August 14, 2016 12:00 am | Updated 07:40 am IST - Bengaluru:

Outcry:Kashmiri students shouting slogans being calmed down at the United Theological College in Bengaluru on Saturday.— Photo: K. Murali Kumar

Outcry:Kashmiri students shouting slogans being calmed down at the United Theological College in Bengaluru on Saturday.— Photo: K. Murali Kumar

The abrupt end of an event organised by Amnesty International India on Saturday to highlight the plight of families in Kashmir resulted in verbal clashes between groups of people on the sensitive issue.

The organisers had been told to end the discussion exactly at 8.30 p.m. While the programme was fraught with arguments and counter-arguments, the abrupt ending in the middle of a performance by Kashmiri hip-hop artiste, M.C. Kash, led to tempers flaring.

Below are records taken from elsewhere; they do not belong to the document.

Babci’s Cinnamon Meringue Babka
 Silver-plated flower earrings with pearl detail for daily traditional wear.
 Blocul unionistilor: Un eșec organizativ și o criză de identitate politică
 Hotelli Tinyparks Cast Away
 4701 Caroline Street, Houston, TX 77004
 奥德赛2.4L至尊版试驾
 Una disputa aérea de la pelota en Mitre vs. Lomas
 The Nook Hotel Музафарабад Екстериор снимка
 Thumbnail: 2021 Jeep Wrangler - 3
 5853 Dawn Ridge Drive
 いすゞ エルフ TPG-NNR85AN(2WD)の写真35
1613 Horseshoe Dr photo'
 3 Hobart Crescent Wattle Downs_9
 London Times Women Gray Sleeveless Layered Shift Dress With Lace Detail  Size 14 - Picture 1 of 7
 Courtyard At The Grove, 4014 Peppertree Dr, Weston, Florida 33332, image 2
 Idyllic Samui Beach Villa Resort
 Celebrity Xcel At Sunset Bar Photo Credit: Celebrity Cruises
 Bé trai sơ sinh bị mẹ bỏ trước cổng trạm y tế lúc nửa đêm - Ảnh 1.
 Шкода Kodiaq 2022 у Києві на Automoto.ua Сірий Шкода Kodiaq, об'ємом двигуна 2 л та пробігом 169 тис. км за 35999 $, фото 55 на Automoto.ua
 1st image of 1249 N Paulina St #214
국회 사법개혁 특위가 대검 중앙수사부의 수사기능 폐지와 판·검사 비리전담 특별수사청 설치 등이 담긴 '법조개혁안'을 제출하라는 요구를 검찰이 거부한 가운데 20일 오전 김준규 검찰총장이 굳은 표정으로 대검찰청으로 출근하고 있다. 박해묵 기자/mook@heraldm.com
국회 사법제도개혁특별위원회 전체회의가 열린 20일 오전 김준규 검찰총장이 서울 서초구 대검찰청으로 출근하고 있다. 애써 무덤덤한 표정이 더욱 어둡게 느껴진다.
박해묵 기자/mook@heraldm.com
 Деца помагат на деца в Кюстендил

The artiste told The Hindu that he had expected to play five songs, all pertaining to the conflict at the “land of bloody crackdowns”. The cutting short of his second song (as the police insisted the mikes be switched off) led to the crowd of young Kashmiris shouting pro-Kashmir Independence slogans. Even as some members of the student community attempted to calm them, outside the hall at United Theological College, a group of Kashmiri Pandits were shouting “Bharat Mata ki Jai” while demanding that students “be arrested for seditious statements”.

There were multiple flashpoints in the discussions, which interrupted the proceedings. The small group of Kashmiri Pandits and the students sparred over the depictions of the Indian Army, as well as attempts to control the narrative.

Amnesty International’s Broken Families campaign featured three Kashmiri families whose kin were killed during military action in the troubled region.

An emotional Ali Mohammad Shah, whose son was allegedly killed by Army personnel in 2002, says the Army had picked up his son for interrogation. “He was dropped off at Beerwah police station and clearly, he had been tortured. He could not even speak. He slipped into coma and died the next day…He was innocent, and was killed just based on suspicion,” he said.

Similarly, the fates of Shahzad Ahmad Khan — who was reportedly killed in a fake encounter on the India-Pakistan border — and Manzoor Ahmad Mir — whose body was found 16 years after he was allegedly kidnapped by the Army — were told in stirring narrations. The campaign started in Bengaluru, and will proceed to other metros of the country and end in a petition to be submitted to the Union government.